### Description of the task
Your task is to retype all of the records below with complete accuracy.

The data Start Marker

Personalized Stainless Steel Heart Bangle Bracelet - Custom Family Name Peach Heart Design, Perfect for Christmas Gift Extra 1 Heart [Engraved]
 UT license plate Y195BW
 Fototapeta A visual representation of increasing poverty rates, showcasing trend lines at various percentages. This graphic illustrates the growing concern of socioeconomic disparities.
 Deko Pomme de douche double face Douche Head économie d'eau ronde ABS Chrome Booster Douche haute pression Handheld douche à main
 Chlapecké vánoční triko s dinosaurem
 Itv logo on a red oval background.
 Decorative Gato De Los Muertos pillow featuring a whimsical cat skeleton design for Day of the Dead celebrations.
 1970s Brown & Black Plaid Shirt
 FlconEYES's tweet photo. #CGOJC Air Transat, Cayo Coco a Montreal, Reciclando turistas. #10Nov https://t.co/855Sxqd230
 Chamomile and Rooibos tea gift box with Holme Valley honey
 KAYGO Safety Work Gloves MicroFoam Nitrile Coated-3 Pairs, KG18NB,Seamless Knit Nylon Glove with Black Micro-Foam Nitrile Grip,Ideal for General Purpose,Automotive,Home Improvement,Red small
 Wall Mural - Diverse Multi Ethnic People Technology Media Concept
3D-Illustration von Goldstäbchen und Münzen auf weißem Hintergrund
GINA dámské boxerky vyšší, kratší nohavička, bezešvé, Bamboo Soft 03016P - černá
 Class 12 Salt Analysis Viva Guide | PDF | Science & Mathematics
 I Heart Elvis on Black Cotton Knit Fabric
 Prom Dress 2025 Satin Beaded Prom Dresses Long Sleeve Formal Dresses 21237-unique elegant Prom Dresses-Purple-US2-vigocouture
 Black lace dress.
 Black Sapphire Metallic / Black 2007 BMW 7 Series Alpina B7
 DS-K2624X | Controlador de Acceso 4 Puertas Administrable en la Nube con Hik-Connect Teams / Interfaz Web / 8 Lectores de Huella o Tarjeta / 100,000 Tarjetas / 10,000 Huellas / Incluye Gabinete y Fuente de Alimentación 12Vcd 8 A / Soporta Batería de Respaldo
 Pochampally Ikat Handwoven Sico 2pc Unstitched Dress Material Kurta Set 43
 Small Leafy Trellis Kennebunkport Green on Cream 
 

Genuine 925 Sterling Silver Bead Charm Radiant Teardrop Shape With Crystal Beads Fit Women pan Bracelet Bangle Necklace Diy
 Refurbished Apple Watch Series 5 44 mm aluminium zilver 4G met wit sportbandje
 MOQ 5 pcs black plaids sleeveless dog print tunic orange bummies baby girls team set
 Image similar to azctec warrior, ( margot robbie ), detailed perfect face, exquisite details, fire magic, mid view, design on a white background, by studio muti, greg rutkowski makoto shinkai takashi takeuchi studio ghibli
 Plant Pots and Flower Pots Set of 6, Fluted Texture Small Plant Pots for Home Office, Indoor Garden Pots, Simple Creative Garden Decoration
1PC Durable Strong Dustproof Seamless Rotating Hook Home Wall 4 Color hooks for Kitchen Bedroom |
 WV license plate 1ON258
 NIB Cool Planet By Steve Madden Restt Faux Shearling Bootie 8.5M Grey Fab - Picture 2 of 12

The data End Marker

### Expected output
Personalized Stainless Steel Heart Bangle Bracelet - Custom Family Name Peach Heart Design, Perfect for Christmas Gift Extra 1 Heart [Engraved]
 UT license plate Y195BW
 Fototapeta A visual representation of increasing poverty rates, showcasing trend lines at various percentages. This graphic illustrates the growing concern of socioeconomic disparities.
 Deko Pomme de douche double face Douche Head économie d'eau ronde ABS Chrome Booster Douche haute pression Handheld douche à main
 Chlapecké vánoční triko s dinosaurem
 Itv logo on a red oval background.
 Decorative Gato De Los Muertos pillow featuring a whimsical cat skeleton design for Day of the Dead celebrations.
 1970s Brown & Black Plaid Shirt
 FlconEYES's tweet photo. #CGOJC Air Transat, Cayo Coco a Montreal, Reciclando turistas. #10Nov https://t.co/855Sxqd230
 Chamomile and Rooibos tea gift box with Holme Valley honey
 KAYGO Safety Work Gloves MicroFoam Nitrile Coated-3 Pairs, KG18NB,Seamless Knit Nylon Glove with Black Micro-Foam Nitrile Grip,Ideal for General Purpose,Automotive,Home Improvement,Red small
 Wall Mural - Diverse Multi Ethnic People Technology Media Concept
3D-Illustration von Goldstäbchen und Münzen auf weißem Hintergrund
GINA dámské boxerky vyšší, kratší nohavička, bezešvé, Bamboo Soft 03016P - černá
 Class 12 Salt Analysis Viva Guide | PDF | Science & Mathematics
 I Heart Elvis on Black Cotton Knit Fabric
 Prom Dress 2025 Satin Beaded Prom Dresses Long Sleeve Formal Dresses 21237-unique elegant Prom Dresses-Purple-US2-vigocouture
 Black lace dress.
 Black Sapphire Metallic / Black 2007 BMW 7 Series Alpina B7
 DS-K2624X | Controlador de Acceso 4 Puertas Administrable en la Nube con Hik-Connect Teams / Interfaz Web / 8 Lectores de Huella o Tarjeta / 100,000 Tarjetas / 10,000 Huellas / Incluye Gabinete y Fuente de Alimentación 12Vcd 8 A / Soporta Batería de Respaldo
 Pochampally Ikat Handwoven Sico 2pc Unstitched Dress Material Kurta Set 43
 Small Leafy Trellis Kennebunkport Green on Cream 
 

Genuine 925 Sterling Silver Bead Charm Radiant Teardrop Shape With Crystal Beads Fit Women pan Bracelet Bangle Necklace Diy
 Refurbished Apple Watch Series 5 44 mm aluminium zilver 4G met wit sportbandje
 MOQ 5 pcs black plaids sleeveless dog print tunic orange bummies baby girls team set
 Image similar to azctec warrior, ( margot robbie ), detailed perfect face, exquisite details, fire magic, mid view, design on a white background, by studio muti, greg rutkowski makoto shinkai takashi takeuchi studio ghibli
 Plant Pots and Flower Pots Set of 6, Fluted Texture Small Plant Pots for Home Office, Indoor Garden Pots, Simple Creative Garden Decoration
1PC Durable Strong Dustproof Seamless Rotating Hook Home Wall 4 Color hooks for Kitchen Bedroom |
 WV license plate 1ON258
 NIB Cool Planet By Steve Madden Restt Faux Shearling Bootie 8.5M Grey Fab - Picture 2 of 12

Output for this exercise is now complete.